And does it influence how the Cardinals construct their roster?
When thinking up content to develop for my weekly article (which is easier said than done, BTW), I often find myself drifting towards challenging a popular narrative to see if it can be supported with data (or not). Are the Cardinas really good at draft-and-develop? Yes, the data supports the designation of “elite”. Is draft-and-develop the best way to go? Sort of. It’s not the highest odds pathway to team success, though. Is there a year where it makes sense to go “all in”? Maybe overpay that one Free Agent because the window is open? No. High payroll is only very loosely correlated with winning, especially if you are not the Yankees. And so on.

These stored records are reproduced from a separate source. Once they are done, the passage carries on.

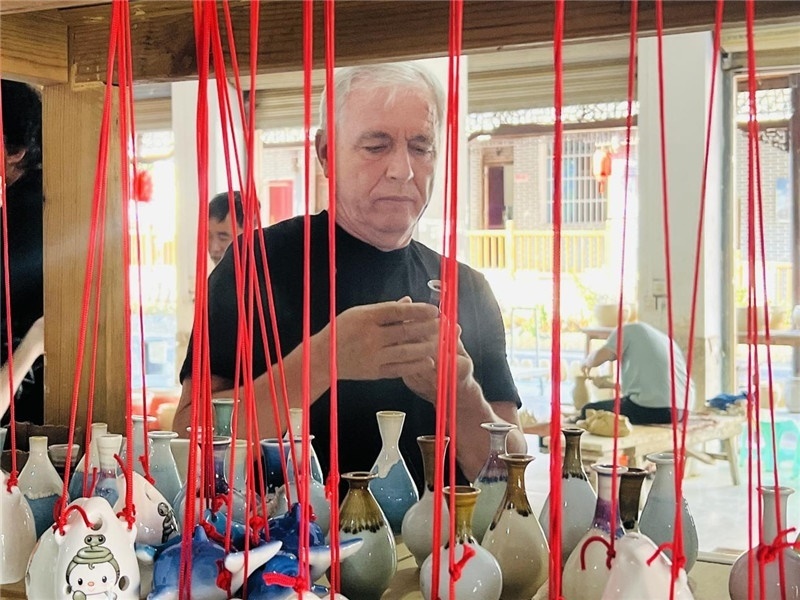 鄉(xiāng)愁如同一根根紅線，將游子與故鄉(xiāng)永遠(yuǎn)地牽連到一起?；逄账囄幕瘎?chuàng)意一條街的母氏陶藝館內(nèi)，紅線吊著陶瓶，思緒游走萬里。摩爾多瓦“信息標(biāo)簽”通訊社社長亞歷山大·塔納斯端詳著館內(nèi)展示的陶藝作品，并挑選出心儀的小擺件帶回摩爾多瓦，也帶走花茂村的“鄉(xiāng)愁”。（張亞欣攝）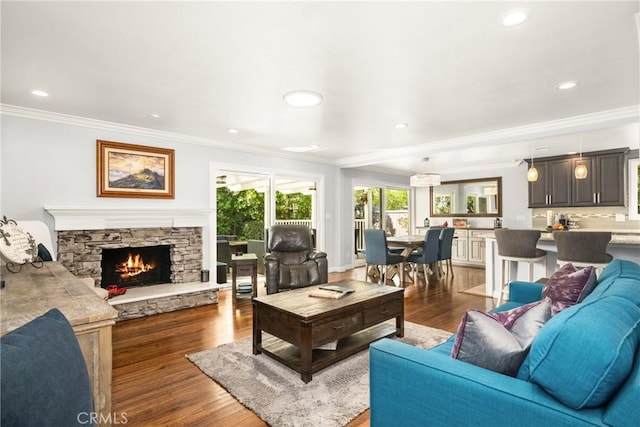 living room featuring dark hardwood / wood-style flooring, ornamental molding, and a stone fireplace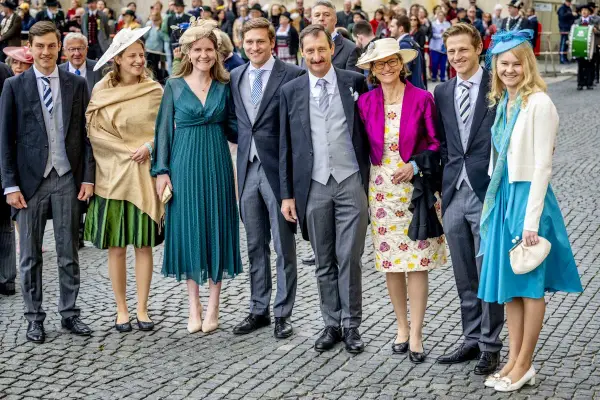 Gruppe von Personen in festlicher Kleidung, darunter Frauen in Kleidern und Männer in Anzügen.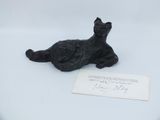 a black cat figurine sitting on a white surface next to a piece of paper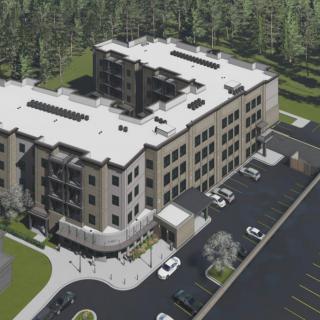 A bird's-eye view of a modern multi-story building surrounded by a forest with an adjacent parking lot.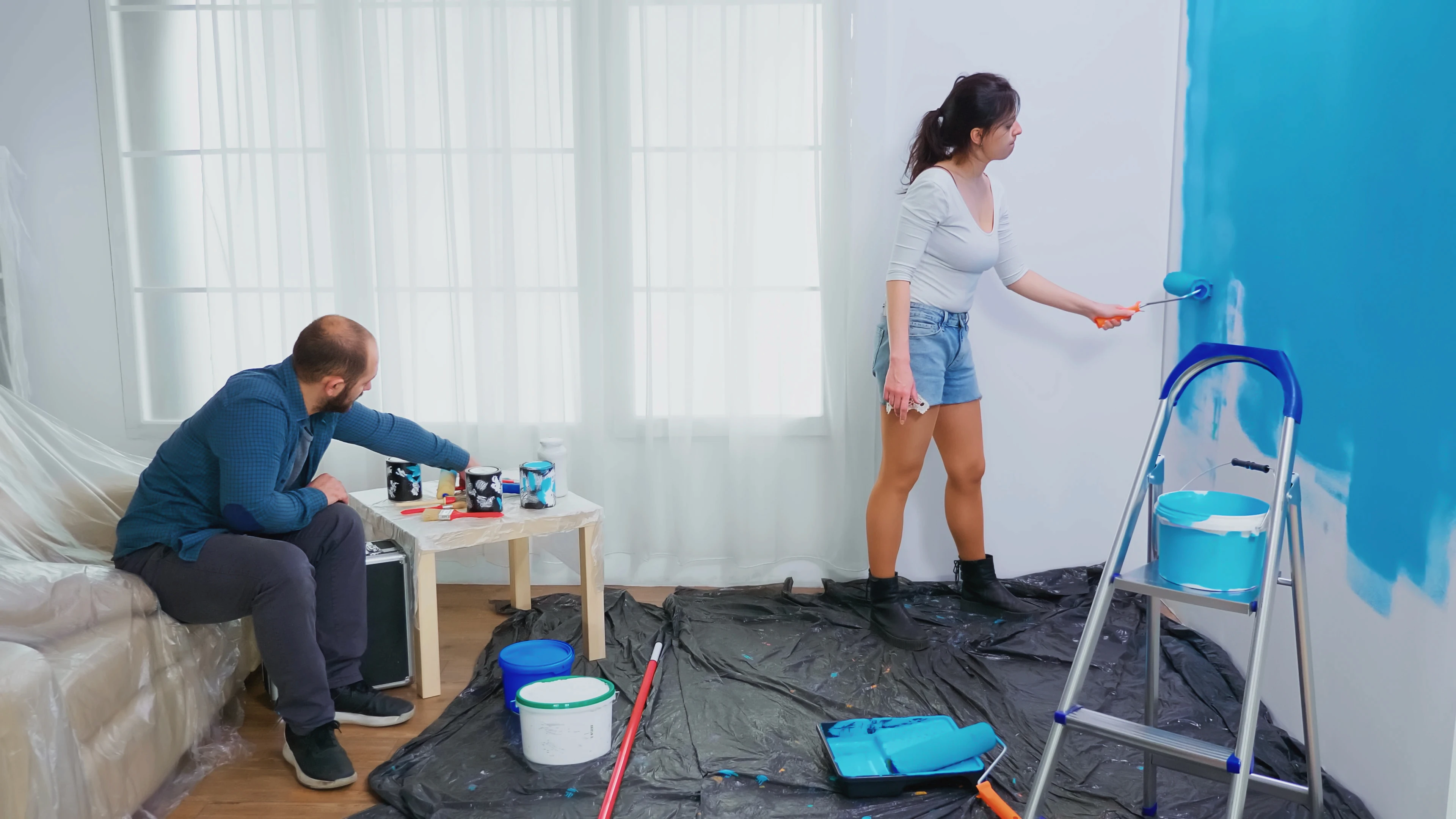 wife-painting-wall-with-roller-brush-home-decorating-couple-home-decoration-renovation-cozy-apartment-flat-repair-makeover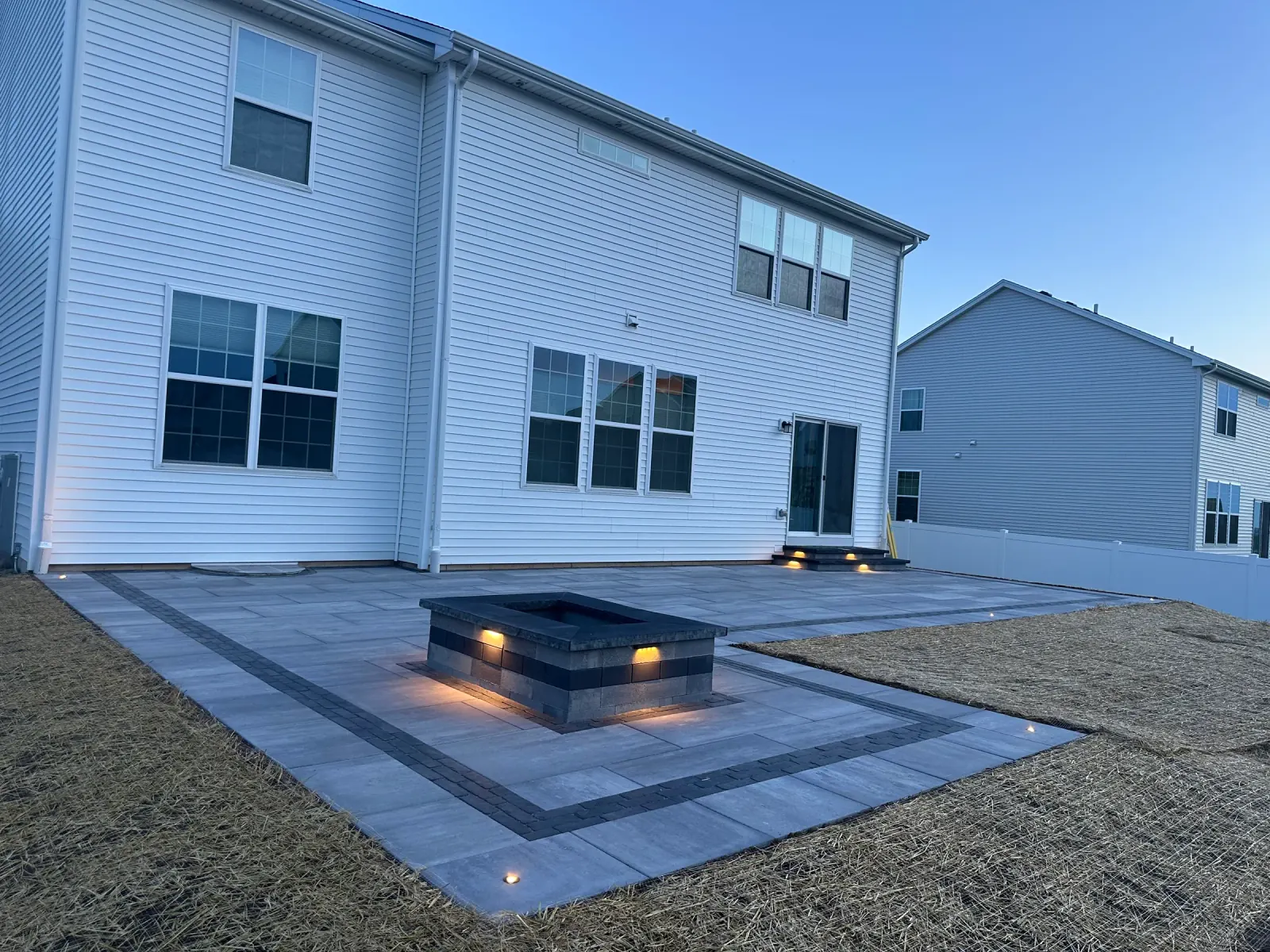 Large paver patio at dusk with a lit rectangular fire pit and symmetrical in-ground landscape lighting.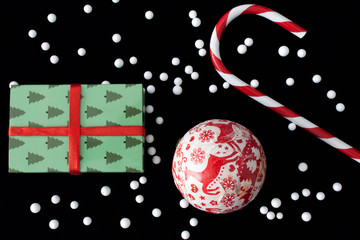 Christmas decoration with candy stick, handmade ornament ball and gift box on black background.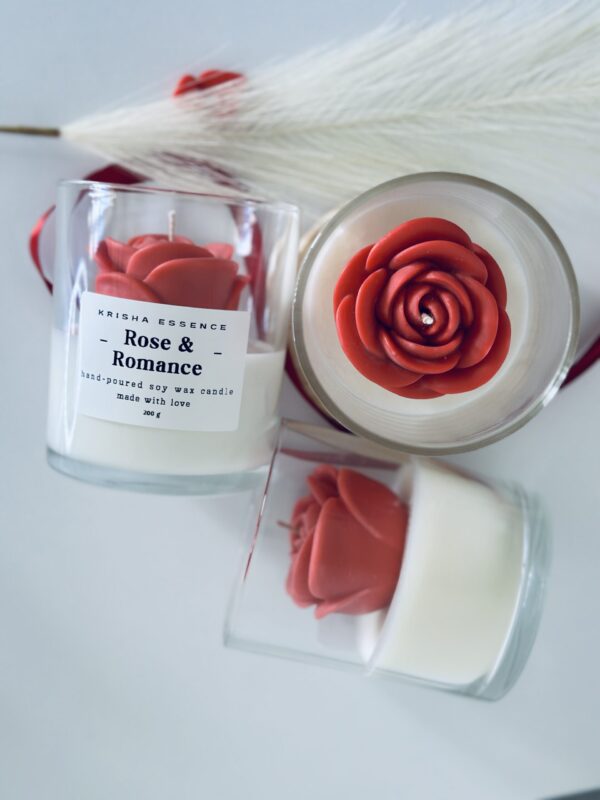 Rose & Romance Candle in glass jar with wax rose top and rose vanilla fragrance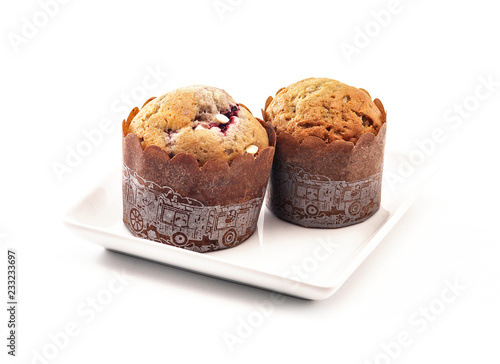 Delicious muffins on white background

Once I select a topic, then the challenge is to figure out a way to obtain and parse data to see what it tells. That is not easy. I took statistics in college a long, long time ago. And didn’t do all that great. Professor Tierney did me a solid by passing me. It was the class that stood between me and graduation from Maryville. Topics like regression, sampling, bootstrapping, confidence intervals were hard then and even harder now, 40 years later. Of course, I wish I’d seen the relevance of all that dense math and I’d paid more attention to my studies. Now they tell me….! By the way, what the heck is Chi Squared? It is the only thing I remember from that class.
Today (actually for the last several months), I’ve been building a mental model to challenge a narrative that suggests that the Cardinals have an inherent advantage playing in the NL Central. That the NL Central isn’t as tough as the other divisions and playing a lopsided number of games within the division provides a boost. Or however you’d like to phrase the narrative. I think I’ve described it enough that you know what I’m talking about.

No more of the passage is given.